- _Prompt_
Only an exact copy of the entries, stripped of pictures, will serve as the answer.

(Extracted entries)

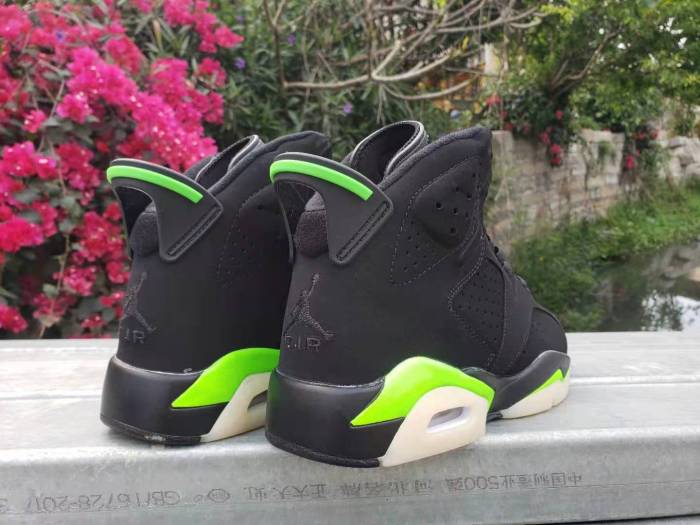 [plus-size shoes] Air @j6 Electric Green Air Cushion Shock Absorbing Black Volt Green Glow In The Dark Outsole High Top Basketball Sneakers 29322848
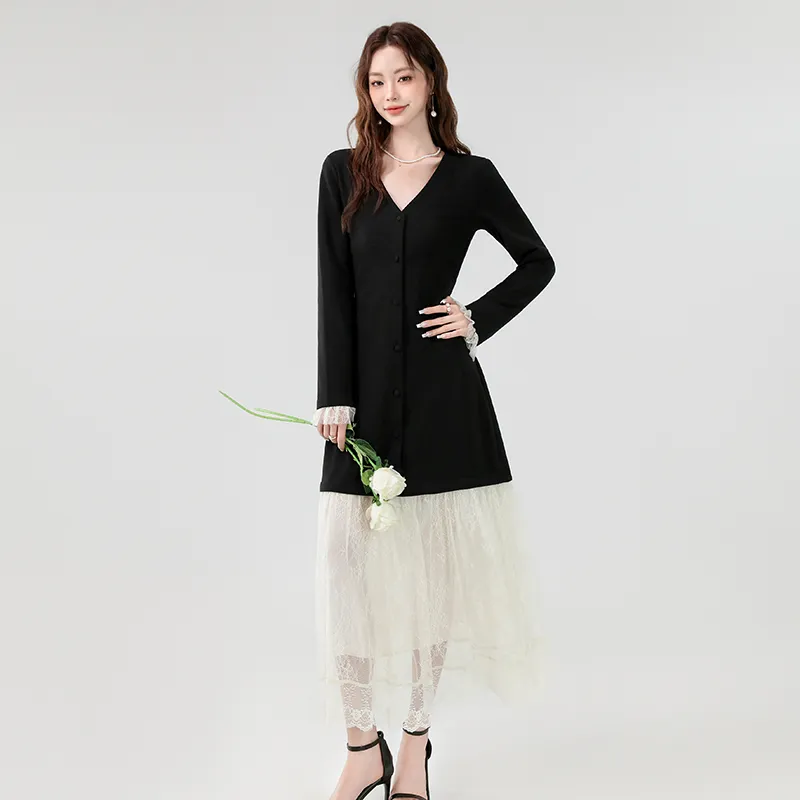 PLANE DRIFT Long Sleeved Dresses Women's Black-2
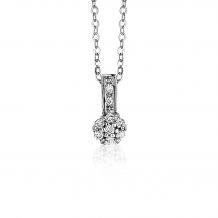 ZINZI Gold 14 karaat luxe witgouden hanger met 0,082crt diamant ZGH106 (zonder collier)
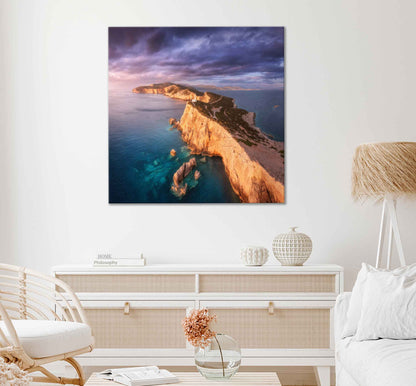 Square Canvas Cliffs Beach Coastal & Clouds High Quality Print 100% Australian Made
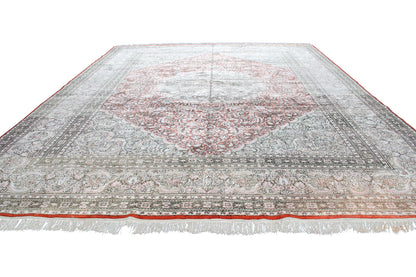 China Traditional Handmade Medallion Semi Antique Rug-id7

(End Extracted entries)

- _Exercise result_
 [plus-size shoes] Air @j6 Electric Green Air Cushion Shock Absorbing Black Volt Green Glow In The Dark Outsole High Top Basketball Sneakers 29322848
 PLANE DRIFT Long Sleeved Dresses Women's Black-2
 ZINZI Gold 14 karaat luxe witgouden hanger met 0,082crt diamant ZGH106 (zonder collier)
 Square Canvas Cliffs Beach Coastal & Clouds High Quality Print 100% Australian Made
 China Traditional Handmade Medallion Semi Antique Rug-id7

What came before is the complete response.